India Report: the Tibet Debate

Snakes and Ladders (Game of Heaven & Hell). Credit: Wellcome Collection

India’s rapidly evolving relationships with its neighbouring countries have been much in the news lately.  Readers will be aware of the many high-profile visits to Lhasa recently made by Indian scholars, and in particular the many trips by the former head of the elite Nalanda University, Śāntarakṣita.  As we all know, it is his successor, Kamalaśīla, who was selected to take part in the important debate held at Samye temple.  His formidable interlocutor has been the experienced Chinese Mahāyāna scholar Héshang Móhēyǎn, who has long been promulgating his own teaching at Samye, and the debate sessions were presided over by King Trisong Detsen himself.
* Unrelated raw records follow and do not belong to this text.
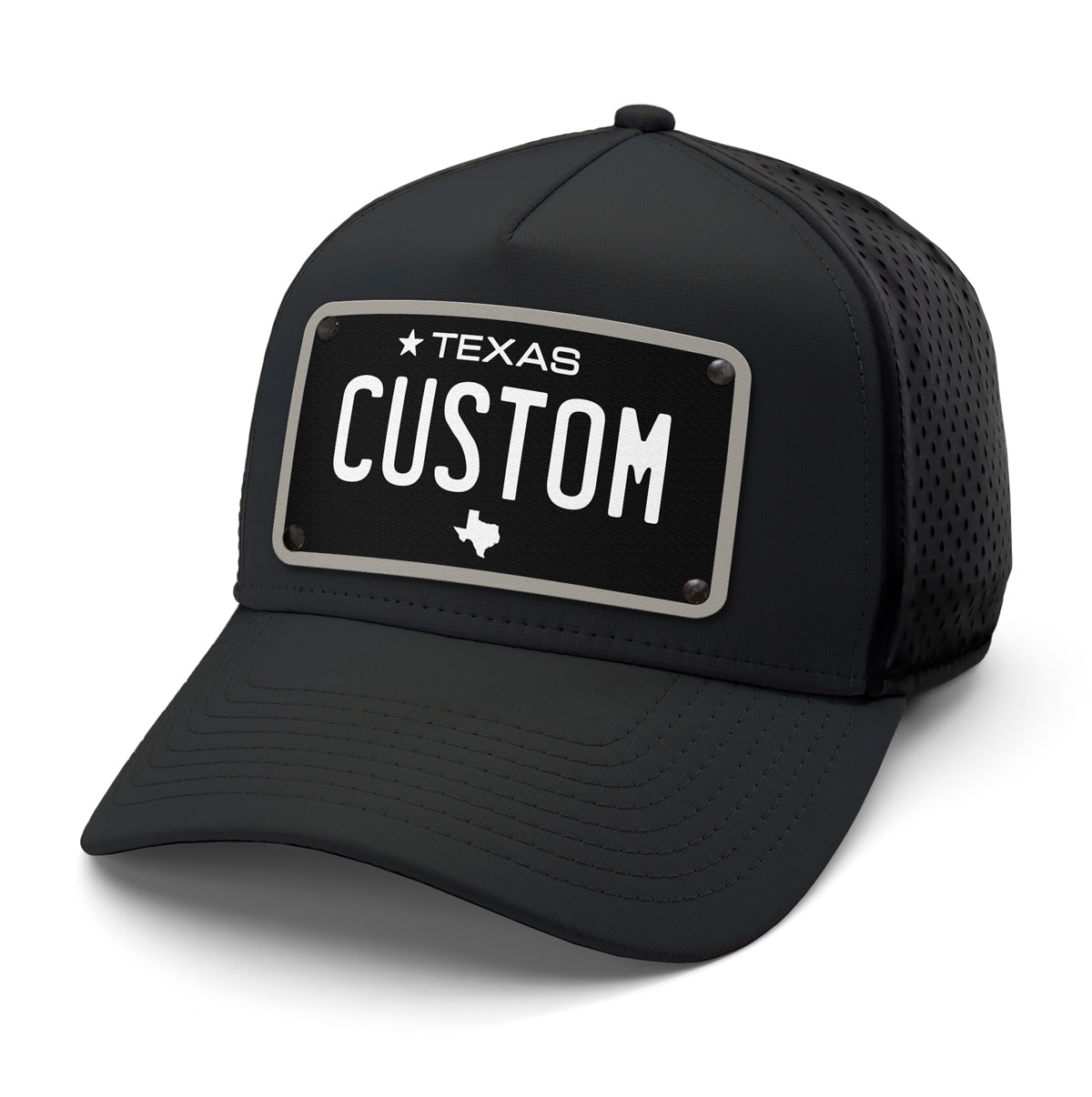 Texas Black Plate Hat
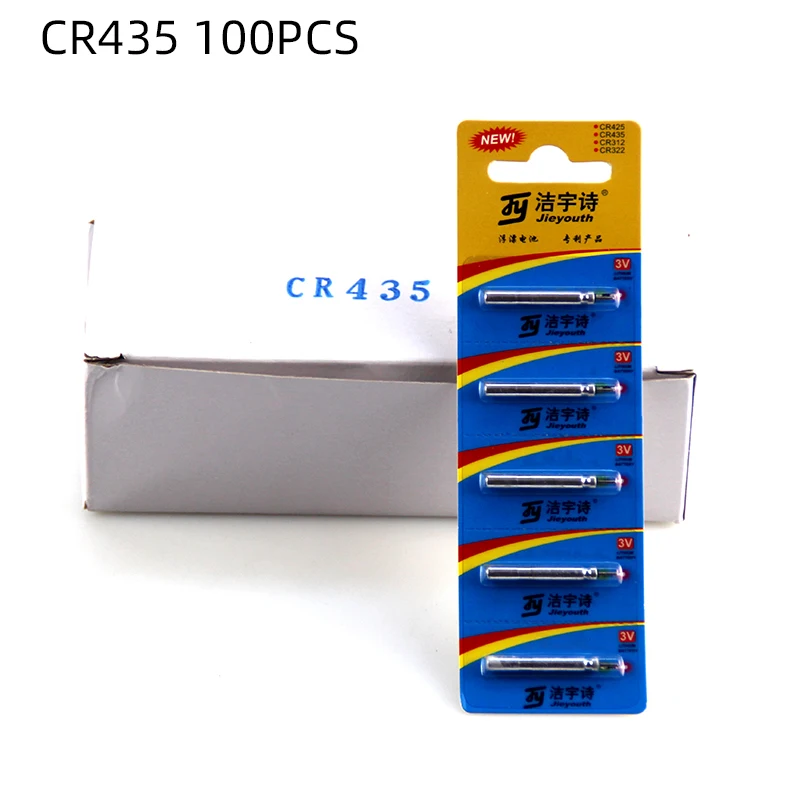 100PCS CR435 100 шт./лот электронный Рыбалка плавающие батарейки CR311 CR322 CR425 светодиодный Литий ячейки с булавками для рыбной ловли, X445 - Цвет: 100PCS CR435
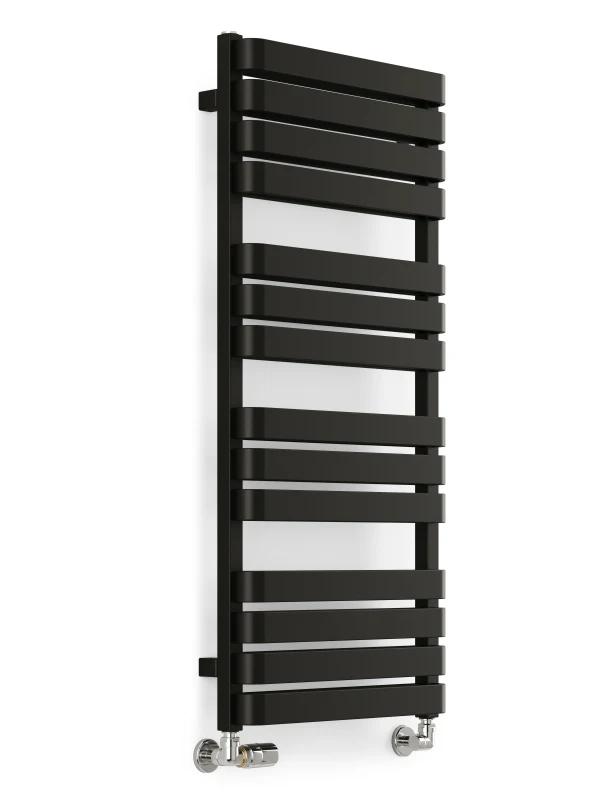 Terma Warp T Bold Heated Towel Rail 1110x500mm Matt Black - WGWTB111050-KS95SX 1 Terma Warp T Bold Heated Towel Rail 1110x500mm Matt Black - WGWTB111050-KS95SX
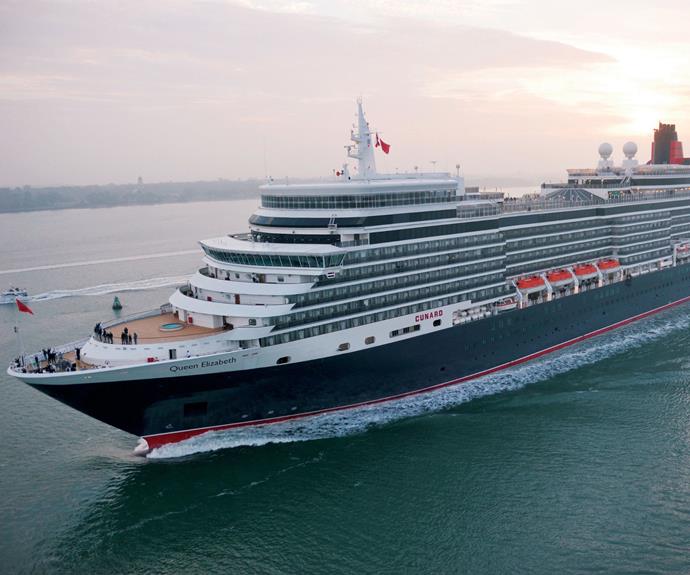 Queen Elizabeth, your luxurious home for seven nights.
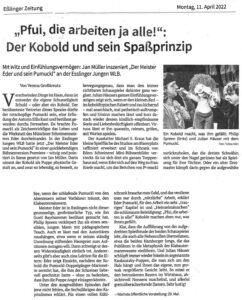 20220411 EZ Kritik Pfui, Die Arbeiten Ja Alle Der Kobold Und Sein Spaßprinzip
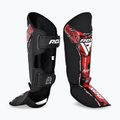 Протектори за пищял и стъпала RDX Instep New Aura F17 Shin black/red 2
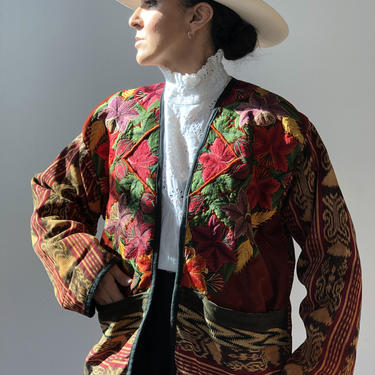 Vintage Rare Guatemalan Embroidered Jacket 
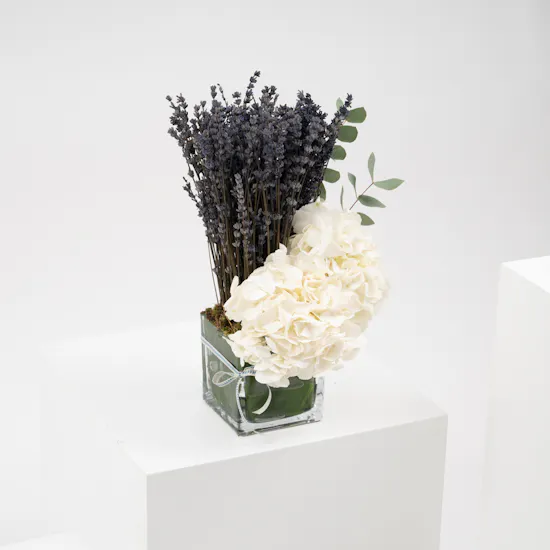 Beauty Lavender | Glass Vase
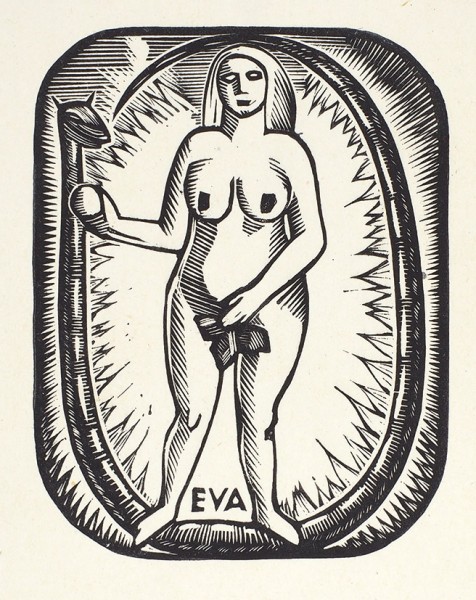 Масютин, В.Н. 12 ксилографий из серий «Вино, карты и женщины», «Дни творения», «В городе». [1920].
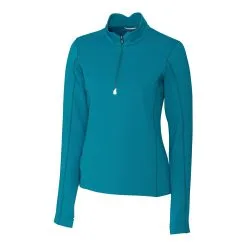 Cutter & Buck Ladies Traverse Stretch Quarter Zip Pullover -Brands Shop LCK00033 TB MANN HG 46812.1668803655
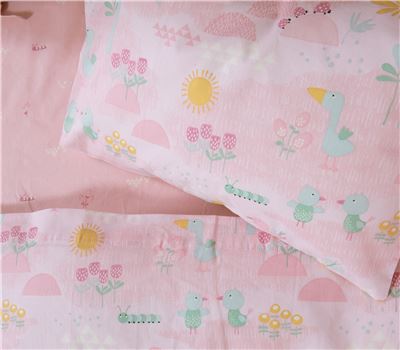 BABY COTBED FLAT SHEETS 3 PCS SET SPRING HAPPINESS 2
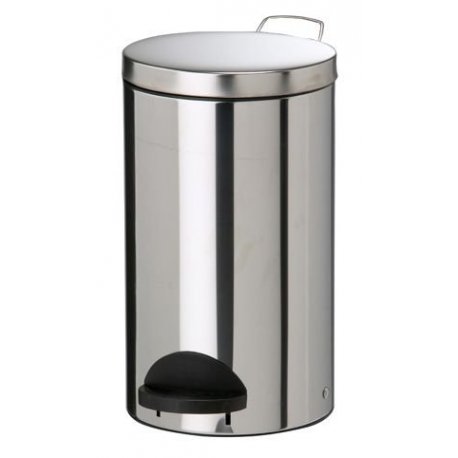 Poubelle à pédale 20L en inox avec seau intérieur finition chromée - 1PC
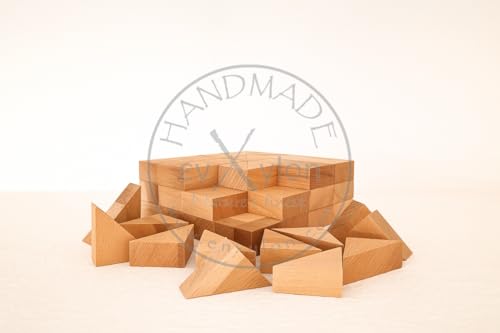 enXylon 100 Stück dreieckige Bastelklötzchen aus Premium-Buchenholz für DIY Projekte, Deko, Basteln oder Spielen – Kreativ gestalten mit Natur pur! enXylon 100 Stück dreieckige Bastelklötzchen aus Premium-Buchenholz für DIY Projekte, Deko, Basteln oder Spielen – Kreativ gestalten mit Natur pur! von Generisch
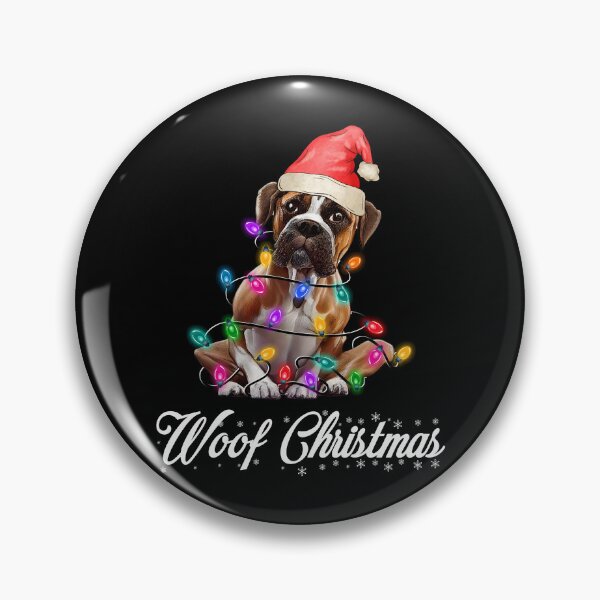 Item preview, Santa Boxer Dog Christmas Lights designed and sold by Blok45.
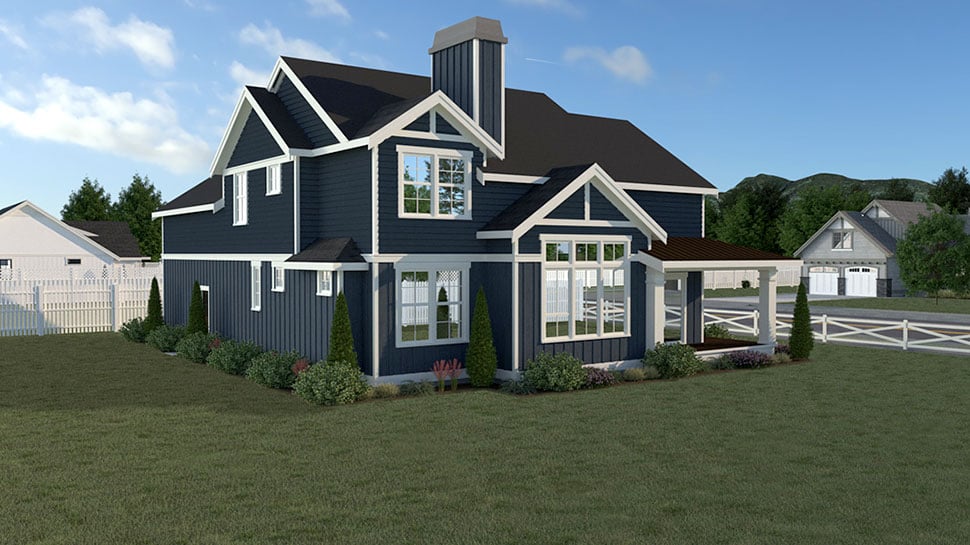 Contemporary, Farmhouse Plan with 2224 Sq. Ft., 4 Bedrooms, 3 Bathrooms, 2 Car Garage Picture 23
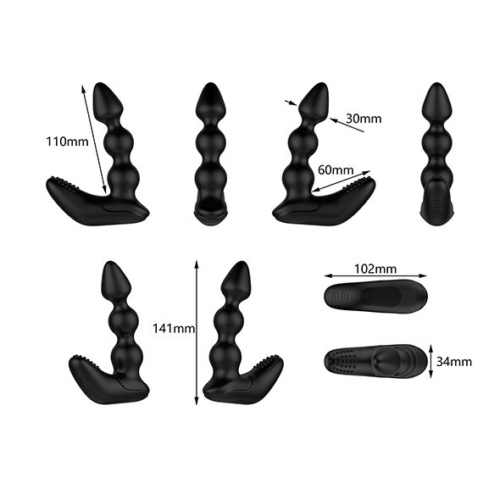 Черный вибростимулятор Nexus Bendz Prostate Edition - 14,1 см. - 4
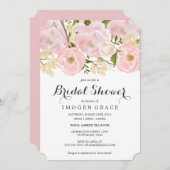 Invitation de douche nuptiale rose moderne (Devant / Derrière)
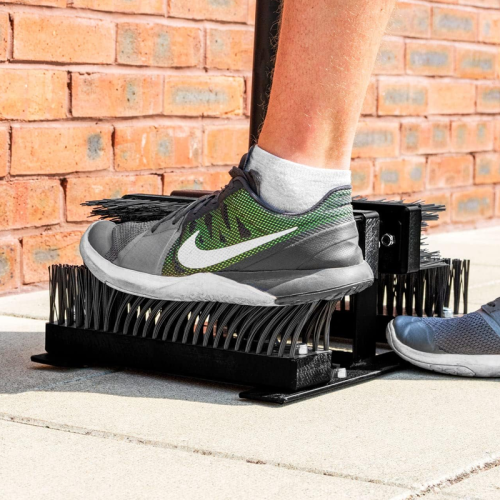 Boot scraper with brushes deals
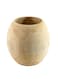 Serene Spaces Living Teak Essence Vase Handcrafted Natural Wood Vase Perfect for Artificial Dried and Fresh Flowers Unique Rustic Decor Piece for Home or Office Gift Idea Small Pack of 1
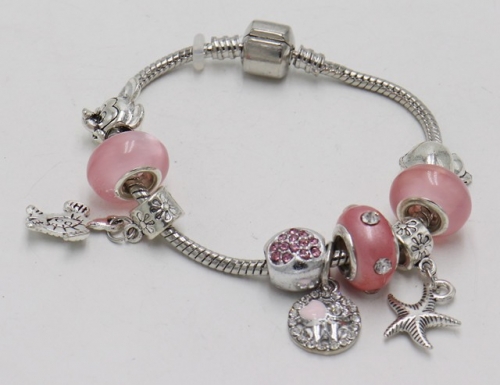 Stainless Steel Bracelet with alloy copper charms-DN211130-IMG_7726-9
We can now report that, after two long years of dialogue and deliberation, this debate is now concluded.  There have been conflicting accounts about the outcome of the debate, but according to our well-placed source, the position of Kamalaśīla has been accepted in full.  As the debate is likely to have immediate as well as long-term ramifications for India-Tibet relations, a short review will be provided.

The topic of the debate could hardly be more important for the theory and practice of Buddhism in Tibet, and a wider impact may perhaps be felt.  It is, of course, the question of whether enlightenment is instantaneous or gradual.  According to the advocate for the former view, the subitist, enlightenment occurs through some kind of Zen-type experience.  But according to the latter, the gradualist, it is instead a slow and laborious process, involving the successive apprehension and quietening of different mental dispositions.  Explicating the gradualist view, many recent philosophers have talked of the need for hearing the teaching, studying the teaching, and finally, deeply meditating on the teaching.

Though both positions were originally formulated here in India, the subitist view has gained rather greater popularity in China, whereas the gradualist view is now quite popular here.  In the view of this publication, it is unfortunate that this debate has become rather overlaid with geopolitical considerations, and somewhat polarised between these two opposing camps.  A more impartial evaluation may suggest that there is much to learn from both approaches.

For, on the one hand, we are quite accustomed to depicting the quest for enlightenment through the game of mokṣapattam, or snakes and ladders, as an arduous journey complete with unexpected gains and setbacks.  On the other hand, poets since Vālmīki have been testament to the primary role of spontaneous intuition, or pratibhā, in all creative moments, camatkāra, of which both aesthetic experience and spiritual experience are but the two forms.

According to a spokesperson for Nalanda University, a Tibetan delegation is shortly expected to visit and to take delivery of some recent works on gradualism.